Comment lutter ? En variant ses menus, en ne mangeant pas trop souvent les mêmes espèces sur lesquelles reposent la pression de la pêche : quand on sait que le saumon et le cabillaud représentent à eux seuls 50% de la consommation française... on se dit qu'il est peut-être bien venu de se pencher aussi sur d'autres types de poisson.

  - En vous méfiant du déclaratif
Vous êtes soucieux du contenu de votre assiette et vous avez raison. De plus en plus nombreux à être adeptes du "fact-checking", en français "vérification des faits", vous voulez être certains d'acheter du bio quand on vous promet du bio, du léger quand le produit est estampillé light, du local quand on vous annonce une production régionale. Vous voulez connaître la provenance des aliments et en connaître la réelle valeur nutritionnelle. Vous avez raison ! Vous vous positionnez en consom'acteur. Vous agissez et ne subissez pas.

  - En décryptant les étiquettes des produits
Les consom'acteurs prennent le temps de lire les étiquettes, certains poussent le trait jusqu'à se renseigner sur l'entreprise. Dans un souci de transparence et de traçabilité, ils sont encouragés par des ONG comme Foodwatch qui tendent à les “éduquer” sur le sujet.

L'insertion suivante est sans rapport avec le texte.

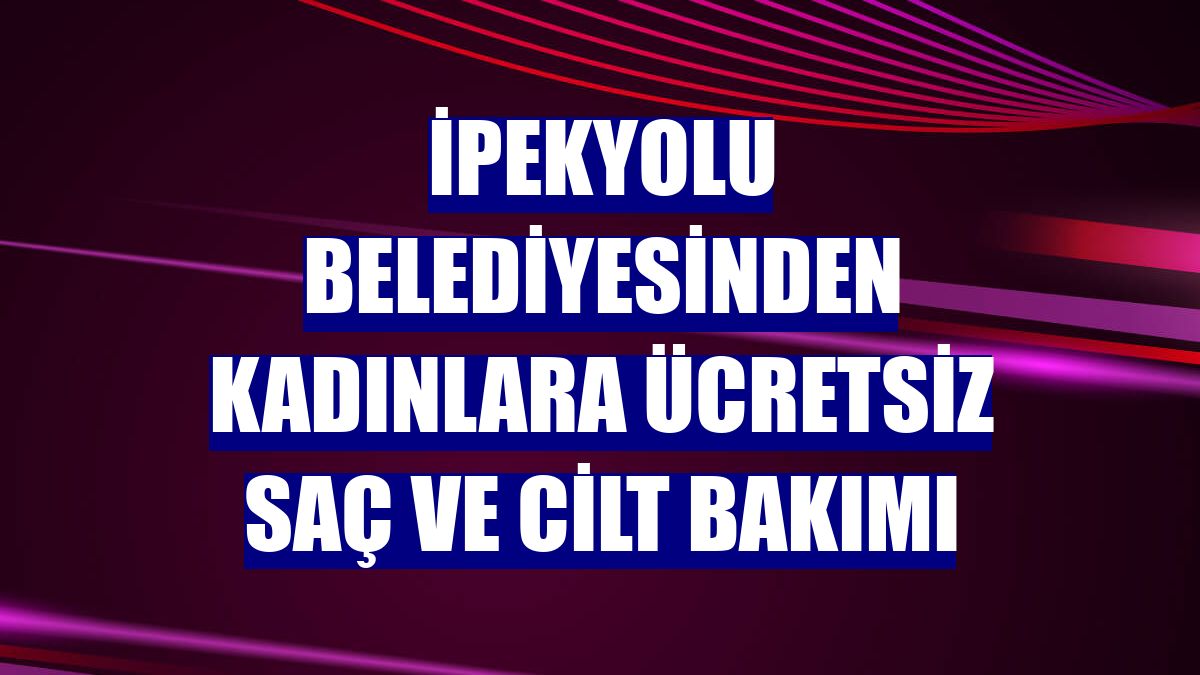 İpekyolu Belediyesinden kadınlara ücretsiz saç ve cilt bakımı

  - En redonnant de la valeur à l'alimentation : le fait-maison
Quand on se méfie de ce qu'on a dans son assiette, la meilleure stratégie c'est d'y placer soi-même les aliments. Conséquence, une émergence certaine du "fait-maison". Au-delà de la volonté de manger mieux, d'être rassuré sur le contenu de son assiette et de se laisser séduire par l'art d'accommoder les restes... cuisiner soi-même, c’est aussi s'inscrire dans une démarche plus écologique : 2016 a été pour beaucoup l’occasion de s’intéresser à la réduction des emballages et des déchets dans leur consommation alimentaire (en moyenne, 21% des aliments achetés sont jetés, soit presque 90 kg à l’année par habitant). Parmi les astuces anti-gaspillage, émerge une nouvelle tendance qui consiste à cuisiner des déchets alimentaires... Résultats, des chips d’épluchures de pommes de terre, du pesto de fane de radis ou des graines de courge grillées à l’apéro. On ne jette plus les restes, on les mange !

 

Et chez Arpège, comment est traité le consom'acteur ?

En 2017, nous avons signé un partenariat avec Mr. Goodfish, ce programme européen qui vise à sensibiliser le public et les professionnels à la consommation durable des produits de la mer. Qu'est-ce que cela signifie ? Chaque saison nouvelle, Mr. Goodfish publie une liste de produits de la mer conseillés par des spécialistes en ressources marines. Elle s'établit sur 3 critères principaux : l’état des ressources, la taille de première maturité sexuelle et la saison en dehors du pic de reproduction de l’espèce.
Depuis avril 2018, nos convives peuvent ainsi déguster un poisson Mr.Goodfish tous les mercredis dans leur restaurant et participer à la préservation des stocks de produits de la mer fragilisés en consommant d’autres stocks disponibles
en abondance.

Maintenant, à vous de jouer ! Devenez un véritable consom'acteur en choisissant les produits que vous consommez et suivez-nous dans notre effort pour préserver les ressources naturelles. Demain se construit aujourd'hui. Agissez pour que les ressources naturelles soient encore présentes en abondance pour les générations futures.